• **What you should do**: Look through the records that follow. Copy every line containing the word "with".

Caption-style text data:
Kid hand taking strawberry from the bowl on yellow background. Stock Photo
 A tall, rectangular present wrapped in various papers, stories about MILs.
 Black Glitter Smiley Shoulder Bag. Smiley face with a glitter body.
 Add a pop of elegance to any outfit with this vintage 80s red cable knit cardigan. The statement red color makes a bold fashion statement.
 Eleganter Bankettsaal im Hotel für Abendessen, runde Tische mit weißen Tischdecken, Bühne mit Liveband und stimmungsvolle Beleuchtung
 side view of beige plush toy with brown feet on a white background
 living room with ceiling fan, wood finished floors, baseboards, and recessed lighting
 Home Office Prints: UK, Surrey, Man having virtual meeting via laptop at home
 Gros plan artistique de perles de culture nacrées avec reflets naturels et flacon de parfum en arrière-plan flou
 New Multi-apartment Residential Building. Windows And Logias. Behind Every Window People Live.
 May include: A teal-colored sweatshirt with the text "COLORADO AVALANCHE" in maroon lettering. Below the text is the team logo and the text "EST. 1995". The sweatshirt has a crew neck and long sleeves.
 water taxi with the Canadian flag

• **Task output**:
 Black Glitter Smiley Shoulder Bag. Smiley face with a glitter body.
 Add a pop of elegance to any outfit with this vintage 80s red cable knit cardigan. The statement red color makes a bold fashion statement.
 side view of beige plush toy with brown feet on a white background
 living room with ceiling fan, wood finished floors, baseboards, and recessed lighting
 May include: A teal-colored sweatshirt with the text "COLORADO AVALANCHE" in maroon lettering. Below the text is the team logo and the text "EST. 1995". The sweatshirt has a crew neck and long sleeves.
 water taxi with the Canadian flag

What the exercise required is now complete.